Former finance minister Ján Počiatek went straight to the Ministry of Transport, Construction and Regional Development. Robert Kaliňák returned to his previous post as interior minister, as did Marek Maďarič as culture minister, while Dušan Čaplovič took the reins at the Education Ministry. Peter Kažimír, the former state secretary at the Finance Ministry is now the minister there. The country’s new defence minister is Martin Glváč, head of Smer’s Bratislava branch, and the Environment Ministry is in the hands of Peter Žiga, a former state secretary at the Economy Ministry and the head of Smer’s Košice branch. Former economy minister Ľubomír Jahnátek now leads the Agriculture Ministry and the new labour minister is Ján Richter, who served as Smer’s general manager.
While for some time it seemed that the creation of a top post for Ľubomír Vážny was uncertain, on November 26, the former transport minister was appointed deputy prime minister for investment.
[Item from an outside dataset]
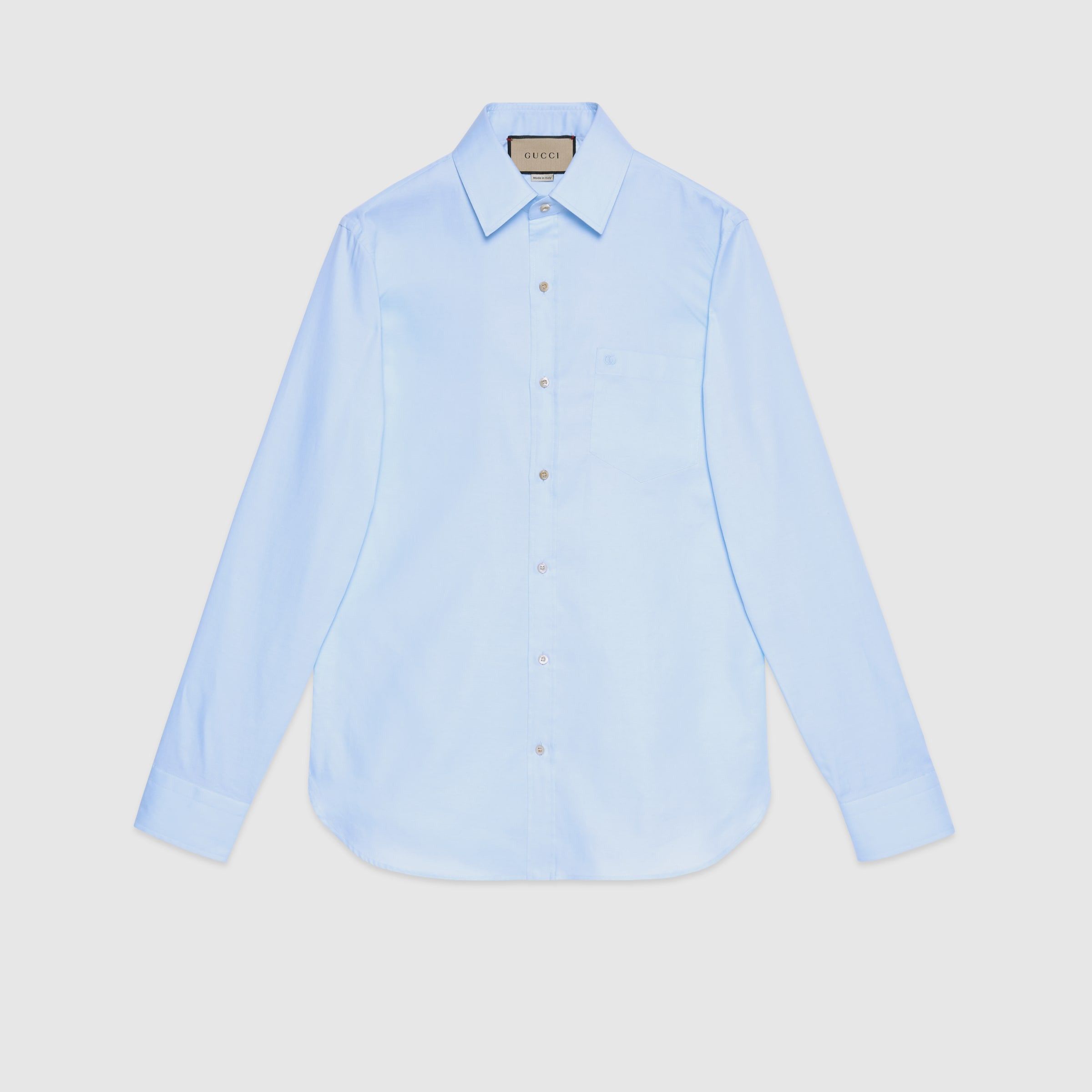 Gucci oc11z1025 Cotton Shirt With Double G Embroidery in Sky Blue Size US S / EU 44-46 / 1 - 1 Thumbnail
His responsibilities will lie mainly in the coordination of large investment projects with estimated costs of over €1 billion.
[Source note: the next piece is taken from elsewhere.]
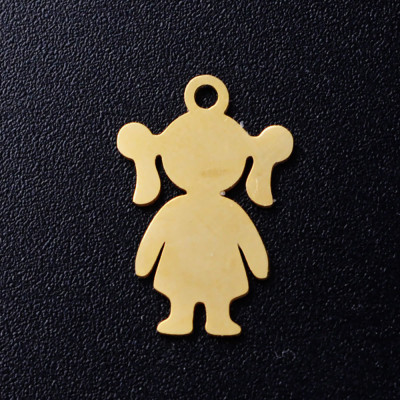 Pendant little girl with pigtails surgical steel two color variants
As for the leadership of the Slovak Parliament, Pavol Paška, Fico’s right-hand man, returned to his old job as speaker of parliament and now has two Smer deputies: the party’s regional head for Banská Bystrica, Jana Laššáková, and Renáta Zmajkovičová, another Smer deputy who previously headed the parliamentary mandate and immunity committee. For the opposition, Erika Jurinová of OĽaNO serves as deputy speaker along with Ján Figeľ, leader of the KDH. When it comes to the distribution of parliamentary committee chairs, Smer left nine to the opposition.
On May 3, President Ivan Gašparovič appointed Ján Valko, former head of the state-owned Nuclear and Decommissioning Company (JAVYS), to lead the Slovak Information Service (SIS) intelligence agency. Meanwhile Jozef Magala, SIS boss during the first Fico government, was given the cabinet’s nod to take the helm of the National Security Authority (NBÚ), which vets nominees for high political posts and issues security clearances.
In line with its earlier declarations, the government has eliminated the flat tax, made changes to the private pension savings scheme and the Labour Code, and Fico also has made the first steps towards accomplishing his plan to create a single public-health insurer in Slovakia, putting Slovakia’s two existing privately-owned public-health insurers on alert.